Scorpio Bulkers (SALT US, Attractive, USD 11) – Earnings recovery gains momentum; reiterate Attractive view
in International Shipping News 25/04/2017


Better-than-expected quarterly earnings; revise fair value to USD 11: SALT reported TCE revenue of USD 34m in 1Q17 which was up 29% quarter on quarter and slightly higher than our estimate of USD 31m. Higher revenue resulted from the improved vessel earnings of USD 8,608pd in 1Q17, up from USD 7,303pd in 4Q16. Revenue days also increased from 3,672 days in 4Q16 to 4,021 days 1Q17 as five newbuilds were delivered in 1Q17. SALT has brought down its cash break-even cost excluding debt amortisation to USD 7,800pd in 1Q17 from USD 8,100pd in 4Q16. The cash break-even cost includes cash operating cost, cash general & administrative expense and interest cost. SALT incurred one-time loss of USD 17m for write down of assets held for sale. The increase in topline and operational efficiency turned the company’s adjusted EBITDA positive to USD 3m, higher than our estimate of USD 0.3m. In view of better-than-expected quarterly earnings and continued recovery in the dry bulk sector, we have revised our fair value to USD 11 from USD 9 earlier and reiterate our Attractive view.

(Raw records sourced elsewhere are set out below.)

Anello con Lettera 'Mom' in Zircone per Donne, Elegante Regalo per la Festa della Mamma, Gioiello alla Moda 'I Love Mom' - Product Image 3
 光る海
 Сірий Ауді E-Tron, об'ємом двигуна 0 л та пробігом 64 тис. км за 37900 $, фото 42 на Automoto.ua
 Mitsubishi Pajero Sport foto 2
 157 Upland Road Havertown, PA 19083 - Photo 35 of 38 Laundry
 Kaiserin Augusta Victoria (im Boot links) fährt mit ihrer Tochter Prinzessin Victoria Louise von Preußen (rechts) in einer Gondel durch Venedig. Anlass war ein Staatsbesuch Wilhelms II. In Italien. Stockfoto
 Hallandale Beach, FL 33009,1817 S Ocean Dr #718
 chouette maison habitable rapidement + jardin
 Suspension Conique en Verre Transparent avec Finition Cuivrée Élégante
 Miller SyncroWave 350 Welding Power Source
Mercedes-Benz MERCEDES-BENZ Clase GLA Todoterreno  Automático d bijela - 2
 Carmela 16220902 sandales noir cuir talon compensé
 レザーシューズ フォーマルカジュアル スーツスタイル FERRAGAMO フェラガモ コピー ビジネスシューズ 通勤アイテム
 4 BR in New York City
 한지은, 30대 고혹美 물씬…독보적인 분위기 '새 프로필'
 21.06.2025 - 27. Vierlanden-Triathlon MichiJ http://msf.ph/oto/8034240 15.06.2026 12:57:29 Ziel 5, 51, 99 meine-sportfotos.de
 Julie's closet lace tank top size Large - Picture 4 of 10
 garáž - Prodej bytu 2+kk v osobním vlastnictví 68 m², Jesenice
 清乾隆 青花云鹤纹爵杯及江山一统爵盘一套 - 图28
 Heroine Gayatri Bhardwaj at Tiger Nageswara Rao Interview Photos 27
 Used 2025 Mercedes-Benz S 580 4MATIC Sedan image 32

Earnings to accelerate on the back of higher daily rates: Average daily earnings for the company’s Kamsarmax fleet was USD 9,164pd in 1Q17 compared with USD 7,401 in 4Q16, significantly higher than USD 3,331pd in 1Q16 when the dry bulk market was at an all-time low. Similarly, the company’s Ultramax vessels earned USD 8,230pd in 1Q17 compared with USD 7,238 in 4Q16 and USD 3,462pd in 1Q16. More importantly, the company contracted ~59% of the Kamsarmax vessel days in 2Q17 at USD 9,914pd and ~57% of the Ultramax vessels days at USD 8,852 in 2Q17. These rates are better than the rates in 1Q17, and almost half the revenue days in 2Q17 are now covered, which will translate into stronger operational earnings. We expect the earnings to accelerate further in second-quarter 2017.
Supply-side developments are encouraging: Orderbook-to-fleet ratio has declined further to 8.5% in March 2017 from 10.8% in 2016. This lower ratio will ensure that the incremental supply remains restrained in 2017 and 2018. Supply growth in 2017-18 is expected to be in the 1-2% range as risk appetite of financial institutions to fund new ships remains low. Fewer vessels will be scrapped in 2017 than in 2016, but will remain substantial on improving steel prices and lower demolition age. Overall, we remain positive on the dry bulk market and believe restricted fleet growth along with better demand from China will support the ongoing recovery in freight rates; which will continue to be reflected in the asset prices.
Lower debt after the sale of two Kamsarmaxes: Encouraged by firming asset prices, the company entered into an agreement during the first quarter to sell two Kamsarmax vessels for USD 45m, even though it recorded a loss of USD 17.1m. Management believes that it has taken advantage of the improvement in vessel prices as the price of a five-year old 95,000dwt ship is up by 12.5% y/y to USD 24m at the end of March 2017. As a result of the sale, the company will reduce its debt by USD 20m – the total outstanding debt for two vessels sold.
No future capital obligation; collateral coverage intact: SALT took delivery of five newbuild vessels in 1Q17 and one vessel in 2Q17. Three Kamsarmax and two Ultramax vessels were delivered in 1Q17 whereas one Kamsarmax was delivered in April 2017. After taking delivery of the all the newbuilds, the company does not have any future obligation due to shipyards. Meanwhile, SALT has a robust collateral coverage for its debt of USD 645m as the coverage ratio for all facilities is comfortably higher than required, according to management. In terms of debt repayment, the company has principal repayment of USD 35m and USD 25m in FY17 and FY18 respectively, which we believe is not a concern as cash flow from operations is improving and cash in hand was USD 155m at the end 1Q17.


Value and Risk: We retain our Attractive rating on SALT and revise our fair value to USD 11 per share from USD 9 per share, in view of the earnings recovery and firming asset markets. We expect the earnings recovery to strengthen in the next quarter, which should assist the share price further. The key risk is the reversal in commodity demand, which will lead the rates to trend downwards.